C’è un proverbio che racconta di stalle che si chiudono dopo che i buoi sono scappati. Mossa palesemente inutile: la saggezza popolare invita a pensarci prima. Il principio vale lo stesso anche se si parla di api e non di buoi. E che cosa si può fare per non fare scappare via gli abitanti degli alveari mandando in fumo una buona produzione di miele? In questo caso non si possono certo chiudere le arnie, ma usare bene la tecnologia sì. È l'idea lanciata durante l'ultima edizione della Contamination lab, la gara delle start up organizzata ogni anno dall'Universitá di Cagliari, da Daniele Melis, ingegnere di progettazione industriale e laureato in Ingegneria civile strutturale, Sara Sulis, laureata in Informatica, e Federica Romano, laureata magistrale in Scienze della comunicazione.

Dopo la finale, sono rimasti in due, Melis e Sulis, ma la squadra è pronta a riallargarsi. La soluzione? L'innovazione che si allea con l'apicoltore contro la peste americana ed europea. E contro la possibile fuga di una ape regina che si trascina dietro uno sciame e si porta via la possibilità di produrre tanti vasetti di miele. Il progetto si chiama HiveGuard. La “chiave” per tenere sotto controllo gli insetti è un sensore automatizzato che sfrutta un algoritmo di riconoscimento per un monitoraggio scientifico della “casa” delle api.

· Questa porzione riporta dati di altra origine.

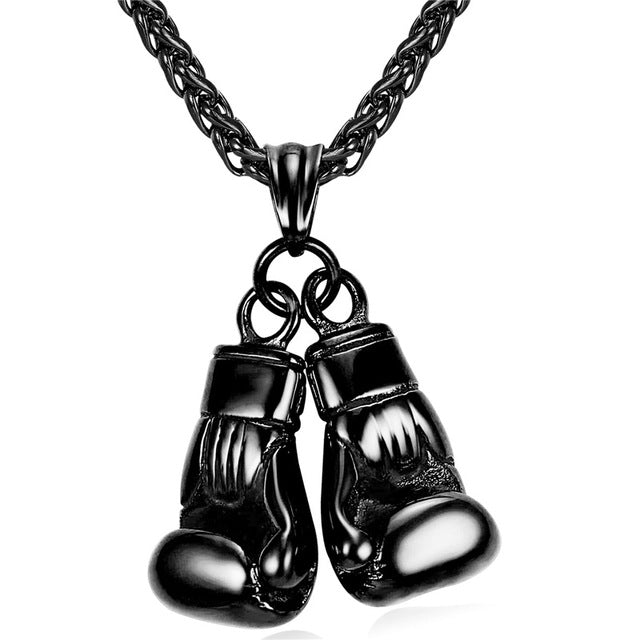 U7 Men Necklace Gold Color Stainless Steel Chain Pair Boxing Glove Pendant Charm Fashion Sport Fitness Jewelry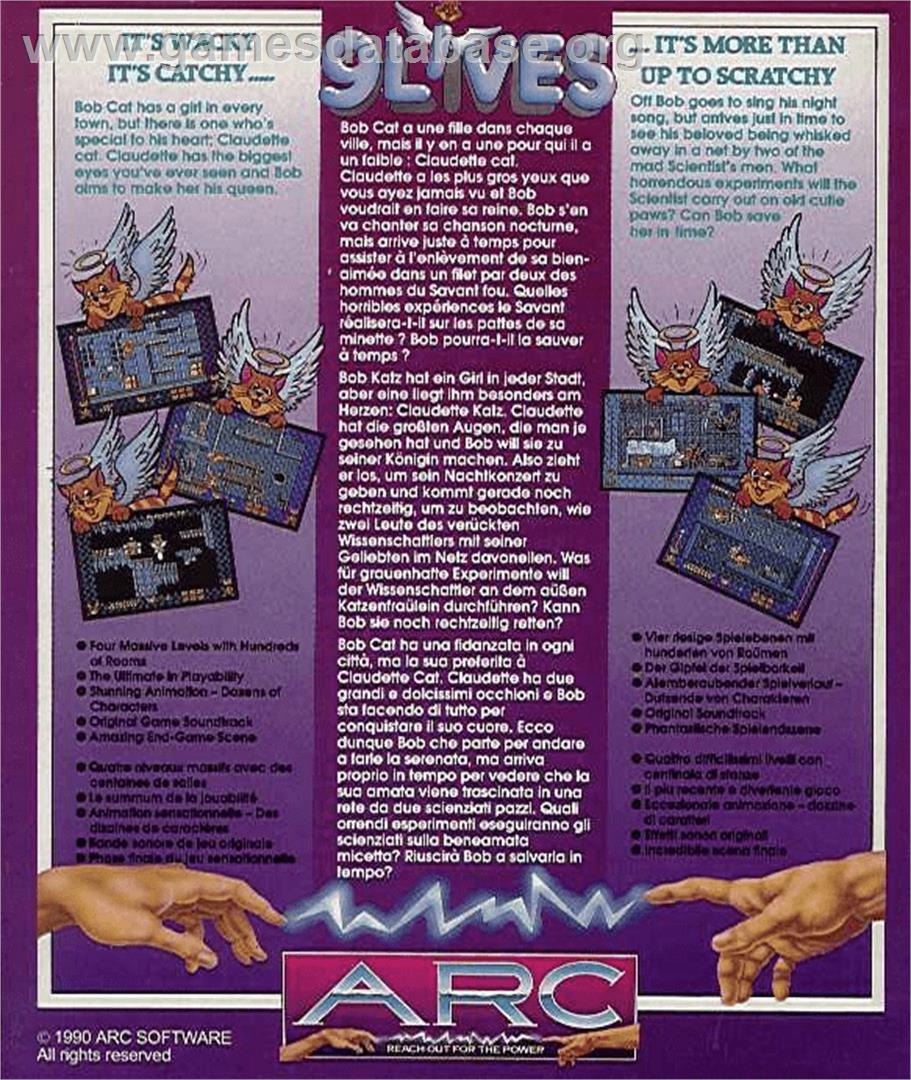 9 Lives - Commodore Amiga - Artwork - Box Back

Un controllo che consente di rilevare nuove larve di ape regina e celle infettate dalla peste. La regola degli alveari – quasi un regolamento condominiale scritto dalla natura – è che ci sia una sola ape regina. Ma gli apicoltori, in certi momenti dell'anno, da febbraio a luglio, devono stare più attenti del solito perché l'equilibrio interno dell'alveare non si spezzi con la nascita di un'altra ape regina. Per fare questo di solito ricorrono a operatori specializzati, spendendo anche 48 euro per ciascuna arnia. Si possono superare i 100mila euro per le aziende più grandi con 3mila arnie. Come funziona la tecnologia? Il sensore controlla l’arnia con una telecamera all’interno dell’alveare e un algoritmo di riconoscimento basato su immagini pre-processate: così si scopre subito la cella regina in più, diversa da quelle delle altre api. E anche le celle infettate dalla peste che cambiano di colore. Tutte queste informazioni sono inviate a un'unità centrale. Un monitoraggio reso ancora più facile da una app creata da HiveGuard. Entro la fine del mese la startup conta di produrre 50 prototipi del dispositivo da presentare agli apicoltori. A novembre saranno firmati invece 5 contratti di pre-vendita. Gli altri passaggi: revisione industriale, produzione nel 2019.

Nel giro di un anno – questo il piano – HiveGuard acquisirà i primi 10 clienti, vendendo circa 5000 dispositivi. Il prodotto sarà distribuito in 3 differenti pacchetti offerti a un costo mensile medio di 24 euro all’anno per ciascuna arnia nella versione standard. La startup garantisce agli apicoltori un risparmio del 50% del costo annuale per ciascuna arnia, rispetto ai metodi tradizionali di monitoraggio.

Hiveguard collabora con l’agenzia regionale Laore Sardegna ed ha già i contratti preliminari con 10 apicoltori che hanno firmato una manifestazione d’interesse per l’acquisto del prodotto. Non solo business, ma anche rispetto per l'ambiente: la salute delle api, è anche la salute della biodiversitá. In Sardegna sono presenti circa tremila apicoltori: la produzione di miele si aggira intorno ai 18-20mila quintali l'anno.